Exercise aim
Begin the copy at the line containing "Nábytková noha hranatá 25x25x150 mm" in the data below and end it at the line containing "Cascoon - 6/108 - Reverse", keeping each line exact and leaving out pictures.

Material shown
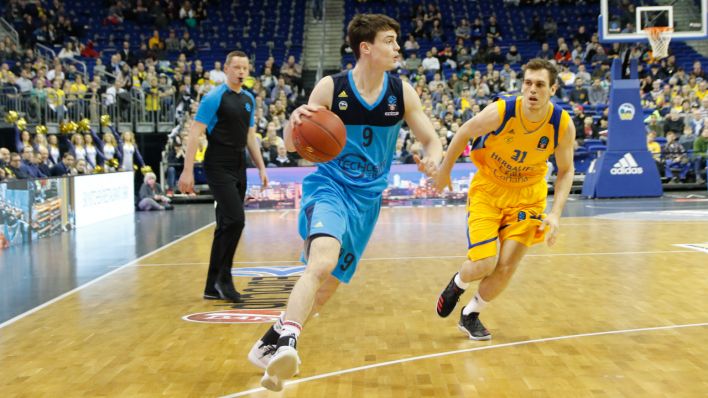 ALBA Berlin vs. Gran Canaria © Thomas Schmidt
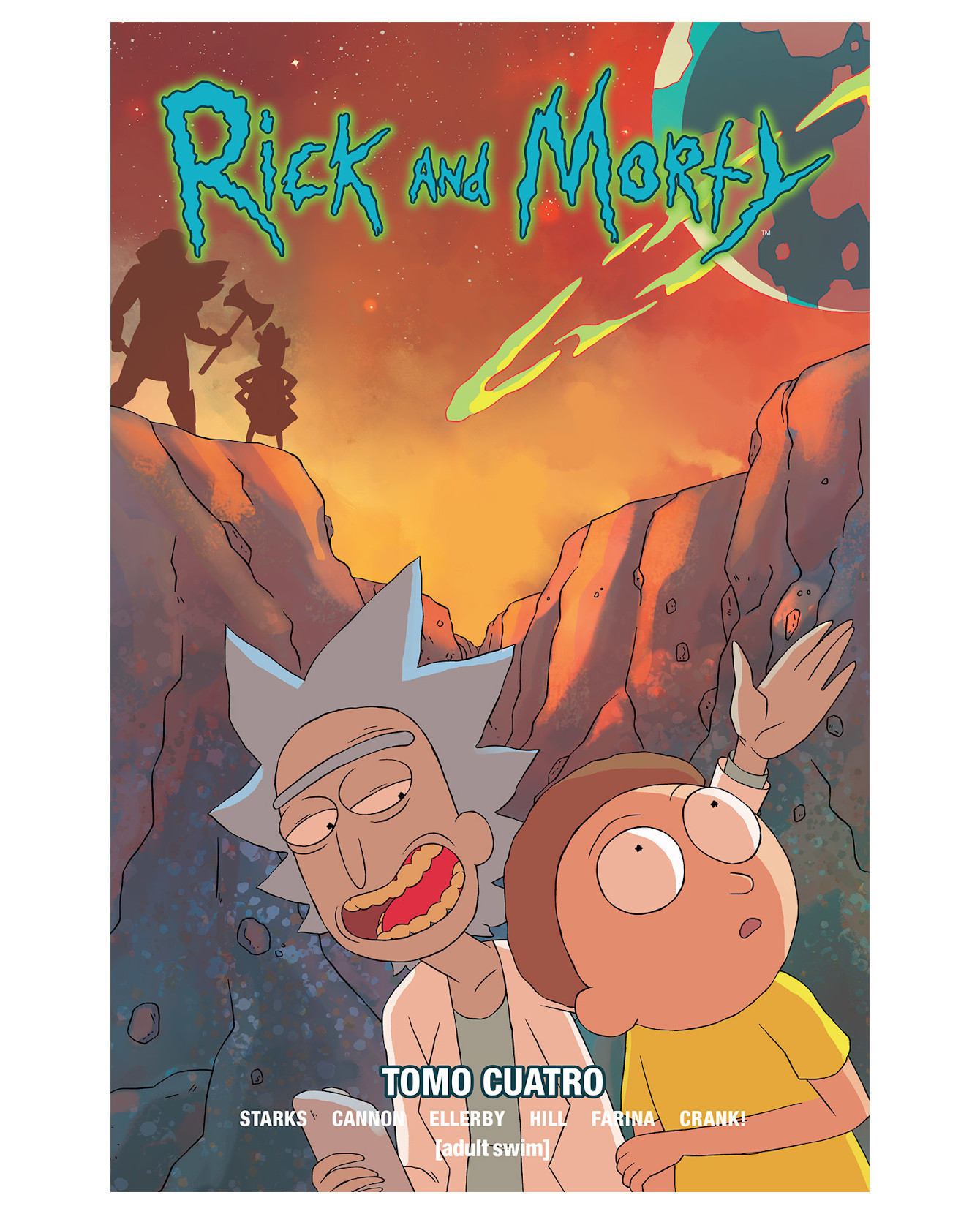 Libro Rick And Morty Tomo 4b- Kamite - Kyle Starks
==
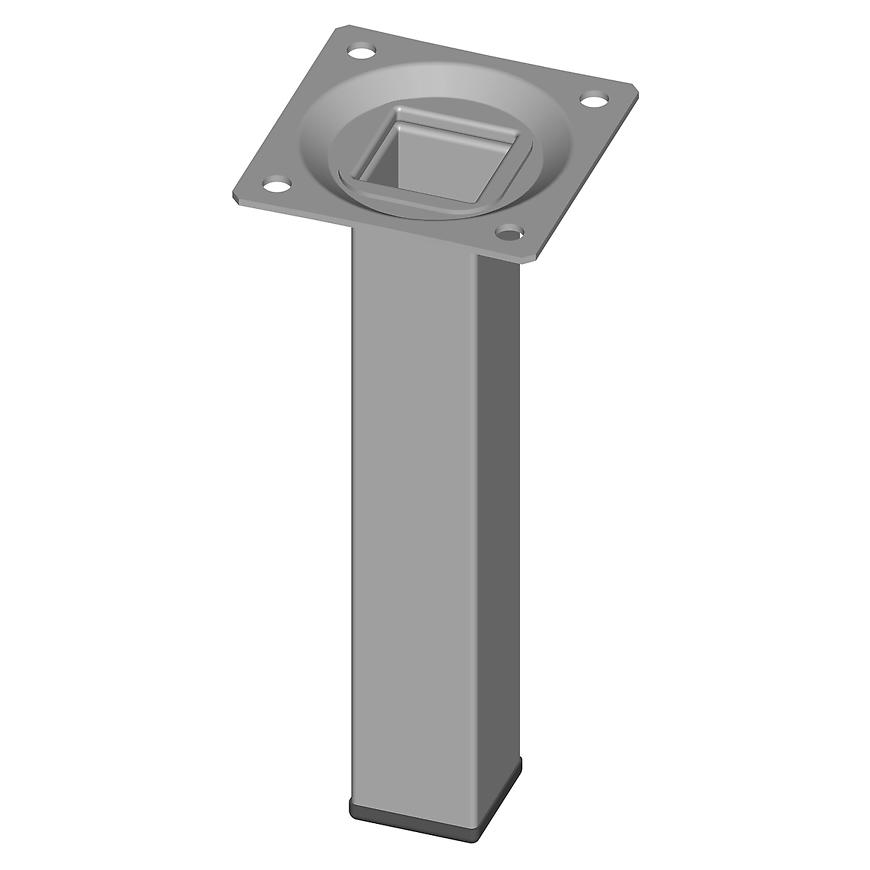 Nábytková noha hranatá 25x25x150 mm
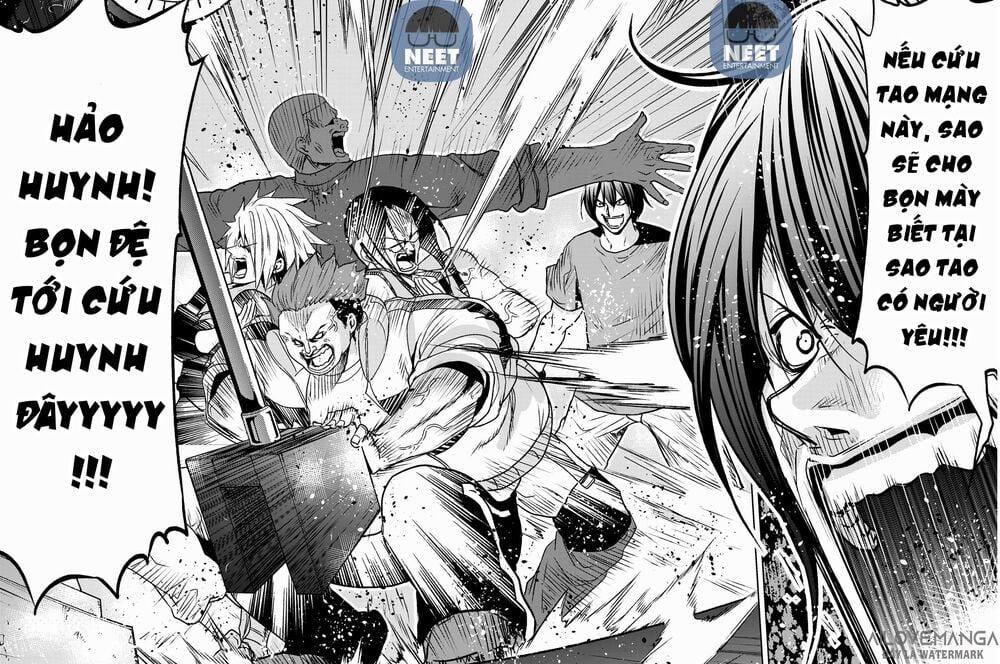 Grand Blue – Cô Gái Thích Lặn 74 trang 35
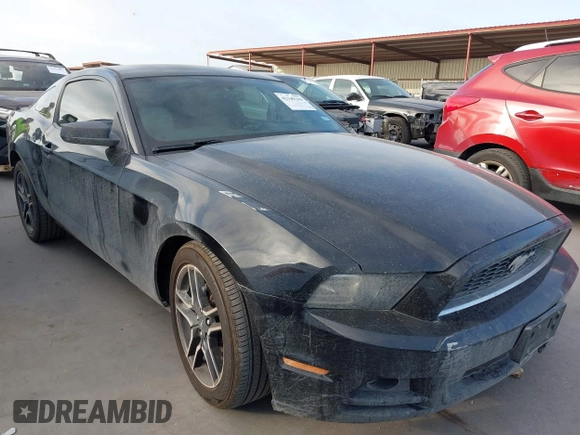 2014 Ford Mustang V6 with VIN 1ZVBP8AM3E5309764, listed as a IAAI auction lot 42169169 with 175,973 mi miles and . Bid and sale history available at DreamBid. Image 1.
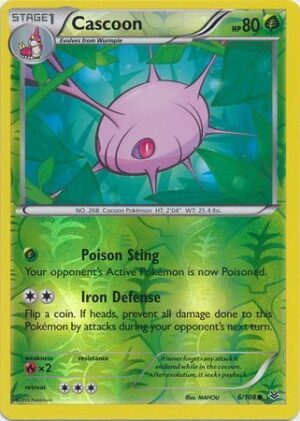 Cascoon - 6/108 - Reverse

Response to the task
 Nábytková noha hranatá 25x25x150 mm
 Grand Blue – Cô Gái Thích Lặn 74 trang 35
 2014 Ford Mustang V6 with VIN 1ZVBP8AM3E5309764, listed as a IAAI auction lot 42169169 with 175,973 mi miles and . Bid and sale history available at DreamBid. Image 1.
 Cascoon - 6/108 - Reverse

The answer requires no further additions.